In una giornata densa di ricorrenze (l’Immacolata e il cinquantenario del Vaticano II) e di gesti dal forte carattere simbolico (primo tra tutti, la presenza di due papi alla cerimonia), la Porta Santa di San Pietro è tornata ad aprirsi per il Giubileo «straordinario» di papa Francesco.

A sovraccaricare ulteriormente l’attenzione era l’attesa per il discorso di un papa che con sapienza «gesuitica» gestisce la dimensione massmediatica della sua missione. Da questo punto di vista, lo strumento del Giubileo, espressione storica del potere della monarchia papale, è perfettamente in sintonia con la visione di Bergoglio sul valore missionario della «pietà popolare» e sul potere della Chiesa di Roma nell’amministrarla.

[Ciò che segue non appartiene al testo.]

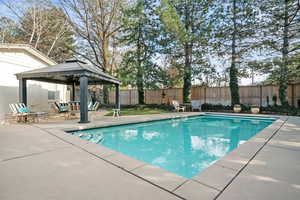 View of swimming pool featuring a fenced in pool, a patio area, a gazebo, and a fenced backyard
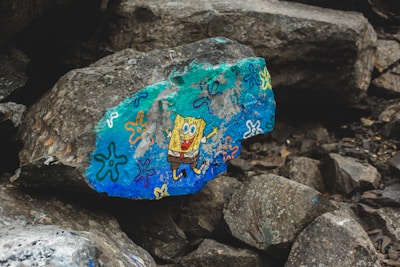 A large rock features a vibrant, colorful painting of a cartoon character. The rock is surrounded by other gray and brown rocks, creating a natural, rugged setting. Various doodles in bright colors like blue, orange, and purple decorate the surface.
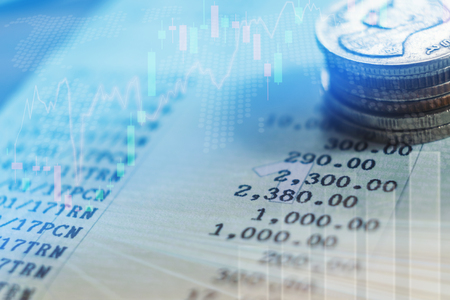 graph on rows of coins for finance and banking conceptの写真素材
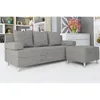A gray sofa with an ottoman is shown in a room with shelves and a dresser in the background. Náhled obrázku produktu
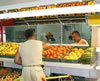 A Rukavychka customer picks fresh produce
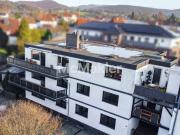 Zentral gelegen: 3 ZKB mit Stellplatz & Fußbodenheizung...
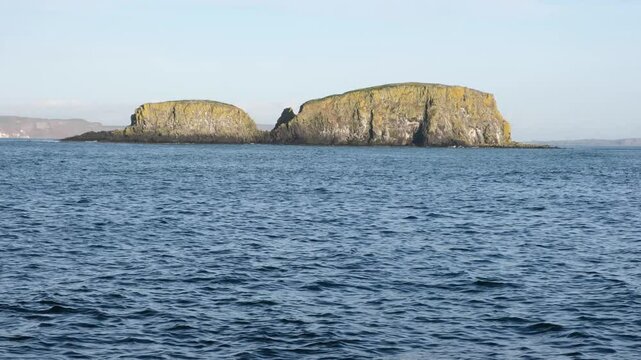 Rugged landscape of Sheep Island on the Causeway Coast of Northern Ireland surrounded by clear blue ocean and bright sky on fresh winter day, no people.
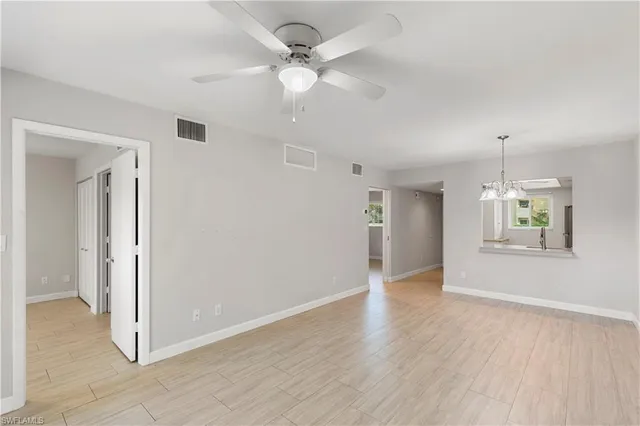 a view of an empty room with window and wooden floor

Tuttavia, è stato lo stesso Francesco a spiegare nell’omelia in che senso il suo progetto pastorale debba essere interpretato oggi che della Cristianità non è rimasto neppure il mito. Se a Bangui il pontefice si era rivolto espressamente ai poteri secolari parlando di pace e di ecologia, nel discorso di ieri invece ha privilegiato la dimensione intraecclesiale, interamente incentrata sulla categoria della «misericordia». In un discorso breve, ma ricco di riferimenti espliciti ed impliciti, Francesco ha ribadito che «la storia del peccato è comprensibile solo alla luce dell’amore che perdona».

Come in più occasioni ha sottolineato Raniero La Valle, il neologismo coniato da Bergoglio «misericordiare», che non significa fare la misericordia, ma mostrare che Dio è misericordia, rimane quindi la cifra interpretativa della sua missione, un’azione pastorale che mette da parte il binomio colpa/condanna (e quindi stravolge l’impianto tradizionale dell’indulgenza) e sceglie la strada della comprensione e del perdono. Le implicazioni politiche di tale impostazione sono oggi abbastanza chiare: dalla dismissione (o quantomeno la derubricazione) della polemica ratzingeriana contro la società relativista all’impegno del papa contro la «globalizzazione dell’indifferenza».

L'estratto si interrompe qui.